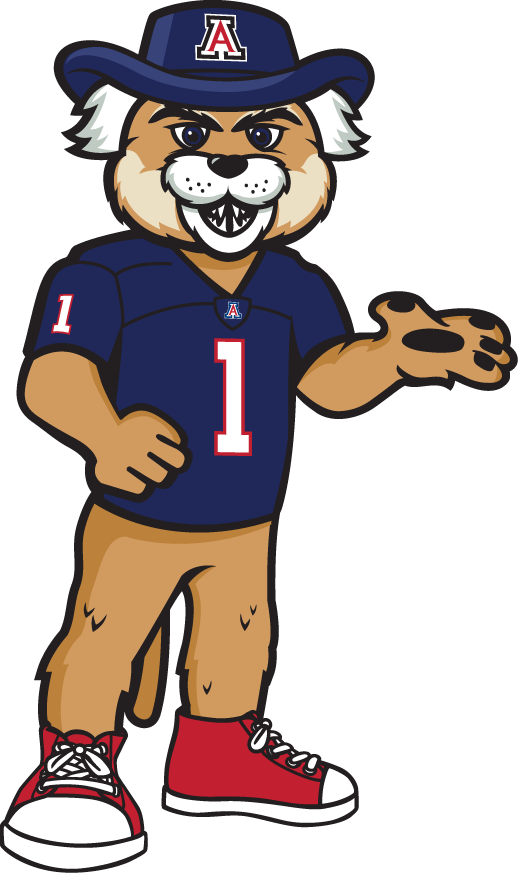 Arizona Wildcats 2013-Pres Mascot Logo v4 DIY iron on transfer (heat transfer)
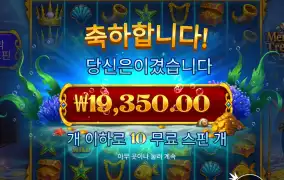 프라그마틱 머메이드 1.9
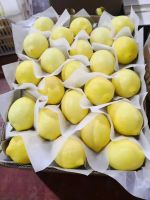 Fresh lemons for export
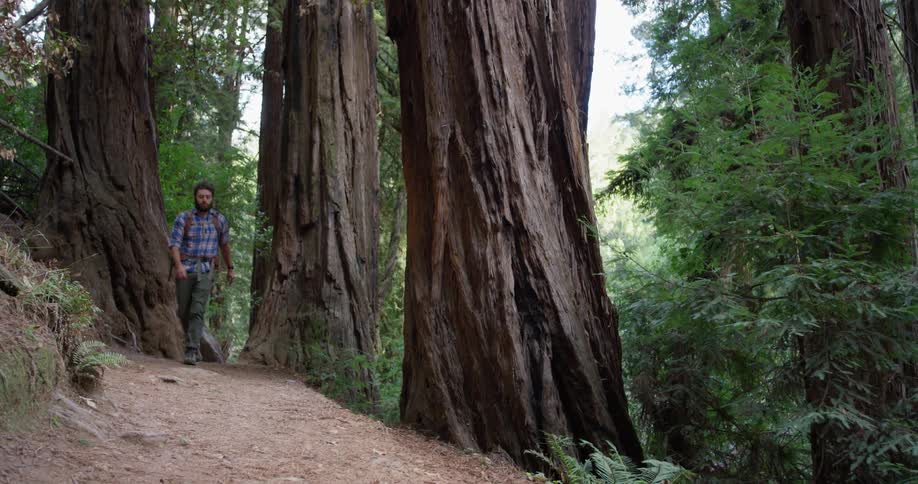 A man hikes in the woods
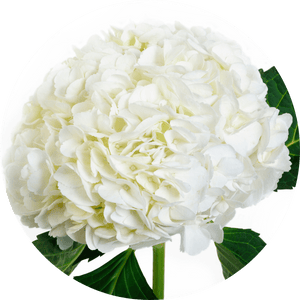hortensias blancs très souvent utilisés dans les bouquets de fleurs contemporains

|---|

Keeping pictures out, repeat exactly the lines from the one containing "A man hikes in the woods" through the end of the listing.

 A man hikes in the woods
hortensias blancs très souvent utilisés dans les bouquets de fleurs contemporains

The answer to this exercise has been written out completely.